Glabridin is a prenylated isoflavan from the roots of Glycyrrhiza glabra Linne and has posed great impact on the areas of drug development and medicine, due to various biological properties such as anti-inflammation, anti-oxidation, anti-tumor, anti-microorganism, bone protection, cardiovascular protection, neuroprotection, hepatoprotection, anti-obesity, and anti-diabetes. Many signaling pathways, including NF-κB, MAPK, Wnt/β-catenin, ERα/SRC-1, PI3K/AKT, and AMPK, have been implicated in the regulatory activities of glabridin. Interestingly, glabridin has been considered as an inhibitor of tyrosinase, P-glycoprotein (P-gp), and CYP2E1 and an activator of peroxisome proliferator-activated receptor γ (PPARγ), although their molecular regulating mechanisms still need further investigation. However, poor water solubility and low bioavailability have greatly limited the clinical applications of glabridin. Hopefully, several effective strategies, such as nanoemulsions, microneedles, and smartPearls formulation, have been developed for improvement.

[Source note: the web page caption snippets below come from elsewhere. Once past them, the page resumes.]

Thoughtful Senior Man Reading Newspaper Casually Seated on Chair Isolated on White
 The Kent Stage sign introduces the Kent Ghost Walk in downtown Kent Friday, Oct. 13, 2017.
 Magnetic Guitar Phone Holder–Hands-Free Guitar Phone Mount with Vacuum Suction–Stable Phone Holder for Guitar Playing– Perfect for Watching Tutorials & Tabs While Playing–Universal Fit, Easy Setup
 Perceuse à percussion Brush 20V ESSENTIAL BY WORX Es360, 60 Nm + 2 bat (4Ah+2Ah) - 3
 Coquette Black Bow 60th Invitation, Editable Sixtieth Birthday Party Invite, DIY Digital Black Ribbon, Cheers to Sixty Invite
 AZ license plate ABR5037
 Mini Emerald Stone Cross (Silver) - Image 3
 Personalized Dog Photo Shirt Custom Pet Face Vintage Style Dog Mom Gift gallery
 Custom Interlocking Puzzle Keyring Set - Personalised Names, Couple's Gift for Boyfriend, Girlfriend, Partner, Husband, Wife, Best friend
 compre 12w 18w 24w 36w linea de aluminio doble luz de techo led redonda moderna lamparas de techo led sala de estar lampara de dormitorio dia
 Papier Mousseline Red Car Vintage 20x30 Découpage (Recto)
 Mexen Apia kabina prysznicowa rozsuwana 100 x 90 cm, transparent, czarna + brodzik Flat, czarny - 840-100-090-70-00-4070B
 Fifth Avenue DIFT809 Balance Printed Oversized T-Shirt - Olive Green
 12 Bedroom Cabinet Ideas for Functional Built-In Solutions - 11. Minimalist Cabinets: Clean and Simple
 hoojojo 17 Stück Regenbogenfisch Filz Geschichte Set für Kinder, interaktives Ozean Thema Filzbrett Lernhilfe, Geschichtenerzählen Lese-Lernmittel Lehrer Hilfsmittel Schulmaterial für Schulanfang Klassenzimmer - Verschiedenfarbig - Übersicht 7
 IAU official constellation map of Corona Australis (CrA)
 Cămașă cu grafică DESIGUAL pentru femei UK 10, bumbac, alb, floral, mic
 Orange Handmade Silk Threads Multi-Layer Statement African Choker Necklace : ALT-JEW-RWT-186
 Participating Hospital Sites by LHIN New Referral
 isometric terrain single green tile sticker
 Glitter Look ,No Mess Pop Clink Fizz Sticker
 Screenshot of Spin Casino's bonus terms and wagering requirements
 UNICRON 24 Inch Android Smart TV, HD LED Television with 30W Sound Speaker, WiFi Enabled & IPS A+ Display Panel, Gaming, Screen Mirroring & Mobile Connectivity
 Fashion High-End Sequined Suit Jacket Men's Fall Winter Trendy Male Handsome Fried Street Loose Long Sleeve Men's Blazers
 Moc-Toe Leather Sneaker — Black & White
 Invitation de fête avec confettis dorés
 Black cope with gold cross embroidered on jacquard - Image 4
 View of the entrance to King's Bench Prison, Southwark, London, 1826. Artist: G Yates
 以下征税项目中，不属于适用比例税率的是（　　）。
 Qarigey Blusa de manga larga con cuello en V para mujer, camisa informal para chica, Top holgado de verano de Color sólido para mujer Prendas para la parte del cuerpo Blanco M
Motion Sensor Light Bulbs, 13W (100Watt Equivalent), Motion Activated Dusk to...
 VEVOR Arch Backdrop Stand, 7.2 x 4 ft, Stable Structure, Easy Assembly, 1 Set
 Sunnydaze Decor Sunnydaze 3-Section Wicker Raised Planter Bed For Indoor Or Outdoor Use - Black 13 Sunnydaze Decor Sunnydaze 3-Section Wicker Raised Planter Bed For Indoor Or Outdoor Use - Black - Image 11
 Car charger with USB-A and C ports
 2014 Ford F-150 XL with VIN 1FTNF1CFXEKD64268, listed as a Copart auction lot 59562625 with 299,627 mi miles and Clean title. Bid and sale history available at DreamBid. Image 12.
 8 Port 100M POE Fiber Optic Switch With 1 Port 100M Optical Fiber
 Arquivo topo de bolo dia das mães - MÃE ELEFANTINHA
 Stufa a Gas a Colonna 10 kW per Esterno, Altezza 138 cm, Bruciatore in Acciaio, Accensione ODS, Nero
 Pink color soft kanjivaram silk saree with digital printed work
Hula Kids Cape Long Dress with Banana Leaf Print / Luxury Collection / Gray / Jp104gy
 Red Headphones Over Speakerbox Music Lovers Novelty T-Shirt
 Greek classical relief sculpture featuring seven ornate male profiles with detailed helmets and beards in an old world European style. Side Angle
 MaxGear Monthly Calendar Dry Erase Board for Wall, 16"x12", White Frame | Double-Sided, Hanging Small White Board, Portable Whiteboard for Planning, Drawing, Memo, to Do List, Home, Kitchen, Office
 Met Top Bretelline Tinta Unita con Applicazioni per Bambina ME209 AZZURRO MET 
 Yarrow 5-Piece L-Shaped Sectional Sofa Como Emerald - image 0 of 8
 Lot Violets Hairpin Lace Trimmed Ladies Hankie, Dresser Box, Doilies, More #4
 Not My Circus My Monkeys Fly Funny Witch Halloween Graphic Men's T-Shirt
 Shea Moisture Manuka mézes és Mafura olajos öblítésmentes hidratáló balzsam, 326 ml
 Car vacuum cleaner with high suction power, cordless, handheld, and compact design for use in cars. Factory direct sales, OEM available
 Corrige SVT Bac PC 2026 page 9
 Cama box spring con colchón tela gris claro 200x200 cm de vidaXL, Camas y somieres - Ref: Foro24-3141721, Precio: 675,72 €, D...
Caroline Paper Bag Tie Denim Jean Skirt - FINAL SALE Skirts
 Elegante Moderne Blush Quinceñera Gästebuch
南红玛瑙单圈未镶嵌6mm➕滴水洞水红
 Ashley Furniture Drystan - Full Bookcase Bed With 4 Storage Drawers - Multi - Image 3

Keywords: P-gp; anti-inflammation; anti-microorganism; anti-oxidation; glabridin; tyrosinase inhibitor.

Graphical abstract

Figure 1

The chemical structure of glabridin.

Figure 2

Glabridin inhibits the activity of NF-κB and MAPK signaling pathways. Stimulated by LPS, TLRs may transduce the signals into the intracellular pathways by recruitment of many factors, such as MyD88. Activated TRAF6 can trigger the phosphorylation of p38 MAPK and JNK. In addition, TRAF6 also activates IKKs and then activates NF-κB by degrading IκBs. Activated NF-κB enter the nucleus to transcriptionally regulate the expression of target genes, including pro-inflammatory cytokines. P38 MAPK and JNK are also involved in mediating the expression of pro-inflammatory cytokines. Glabridin exhibits the inhibitory activity on LPS/TLR4/MyD88/NF-κB signaling. Glabridin also attenuates the expression of MAPK signaling pathway.

Figure 3

Glabridin ameliorates the activity of Wnt/β-catenin signaling. Binding of Wnt protein to Frizzled may activate Wnt/β-catenin signaling by recruiting Axin, CK1, Dv1, and GSK-3β. However, SFRPs can negatively regulate Wnt/β-catenin signaling by abolishing Wnts, forming inactive complexes with Frizzled receptors. Activation of Wnt/β-catenin signaling induces inactivation of GSK-3β, stability of β-catenin, and nuclear translocation of β-catenin, which binds to TCF4 and LEF-1 and promotes the transcriptional expression of target genes, such as MMPs, c-Myc, and Cyclin D1. Glabridin exhibits inhibitory activity against β-catenin-mediated target genes expression.

Figure 4

Glabridin maintains the balance of bone metabolism. RANKL stimulates inflammatory responses, promotes osteoclastogenesis and osteoclasts proliferation, and induces bone resorption. Activation of AMPK increases GLUT4-mediated glucose uptake, enhances osteoblasts metabolism and proliferation, and promotes bone formation. Glabridin inhibits RANKL-mediated bone resorption and induces AMPK-regulated bone formation.

Figure 5

The various pharmacological effects of glabridin are discussed. These effects include anti-inflammation, anti-oxidation, anti-tumor, anti-microorganism, bone protection, cardiovascular protection, hepatoprotection, and neuroprotection. Particularly, NF-κB signaling-mediated inflammatory responses and oxidative stress are involved in many diseases, and glabridin may suppress inflammation and oxidative stress and exhibit benefiting effects in different human systems.